Elle jeta un coup d’œil machinal sur la petite table qui supportait des livres, des journaux, des papiers mêlés aux écheveaux soyeux et aux broderies.

— Quelle différence avec l’aimable, le raffiné Maurice Clairmont ! dit-elle. Celui-ci ne se révolte point. J’ai là une lettre de lui où il me raconte qu’il fait le coup de feu en Macédoine, qu’il est charmé, que des brigands l’ont pris, qu’il leur a payé rançon et qu’il a failli les enrôler contre les Turcs… Enfin il est l’homme le plus heureux du monde. Il trouve que tout est bien, que tout est beau.

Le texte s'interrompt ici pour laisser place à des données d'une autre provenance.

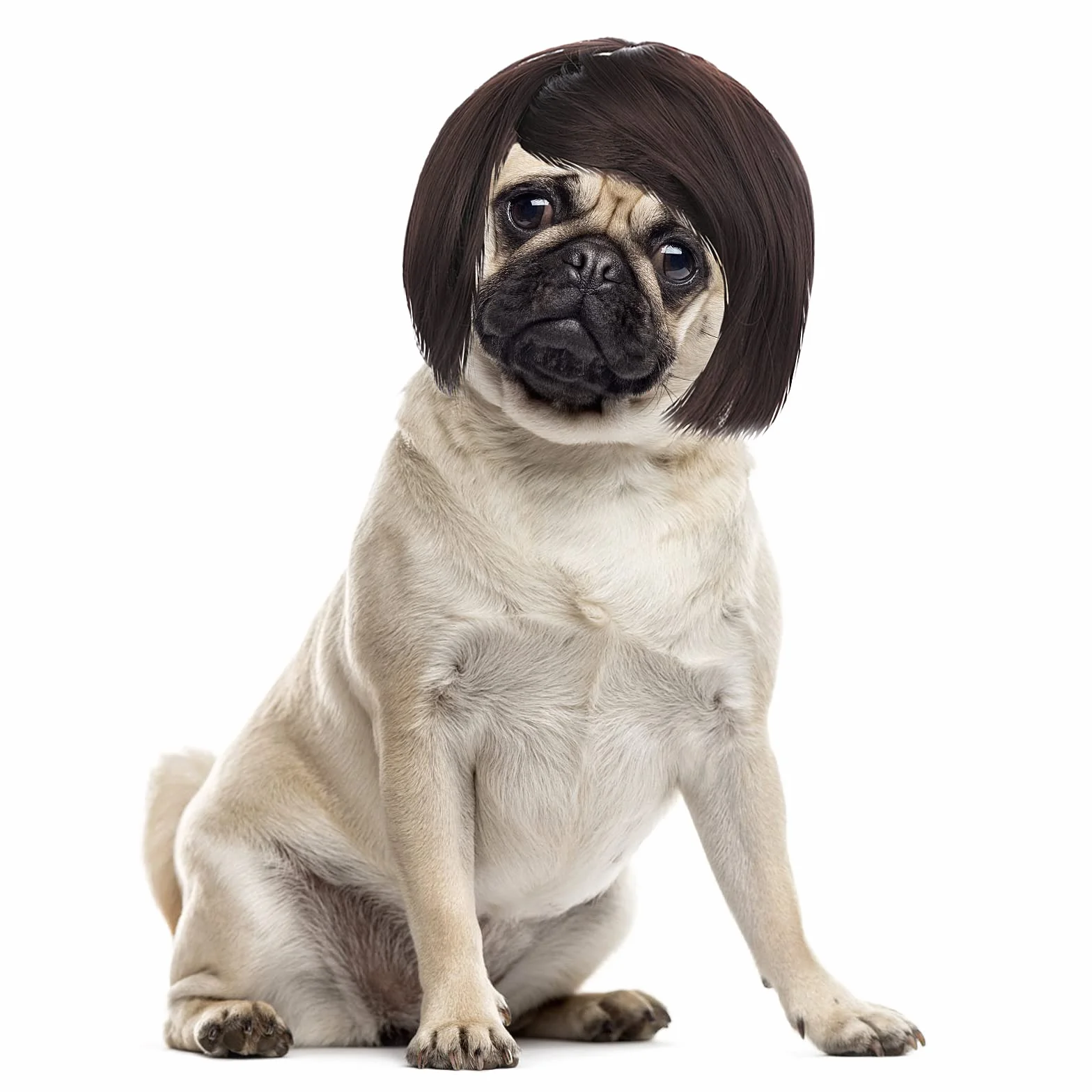 Cobee Parrucca divertente per cani cosplay parrucca per animali domestici costume regolabile copricapo divertente,copricapo per cani di piccola taglia media e parrucche per Halloween decorazioni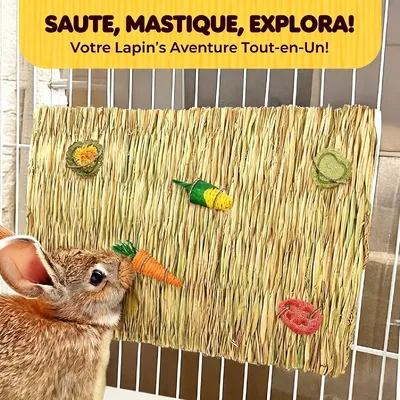 HausPets Litière en foin pour lapins, cochons d'Inde et petits rongeurs HausPets Litière en foin pour lapins, cochons d'Inde et petits rongeurs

— Oui, il parait être un de ces hommes que la fortune favorise. J’ai lu ses vers ; je pressens en lui un grand poète.

— Soyez sûr qu’il est de votre avis ! dit madame Marboy avec un coup d’œil malicieux. Maurice marche vers la gloire avec une superbe confiance. Il est aimé, il est gâté, il est admiré. Je m’étonne qu’il ne soit point devenu détestable. Il a seulement besoin que la vie le mûrisse et l’éprouve un peu…

— Et… il reviendra…

— Dieu sait quand ! Jamais Maurice n’a su calculer une date. Il est parti pour deux ans. Nous le reverrons au printemps prochain, à moins qu’une belle Grecque ne l’enlève.

Je soupirai malgré moi :

— Heureux les hommes ! Ils peuvent courir le monde impunément. Ah ! si j’étais monsieur Clairmont…

— Vous n’avez pas à vous plaindre, Hellé. Allons, embrassez-moi, votre retard inquiéterait votre oncle. Je verrai cette perruche de Gérard, je lui clorai le bec. À bientôt, chère enfant.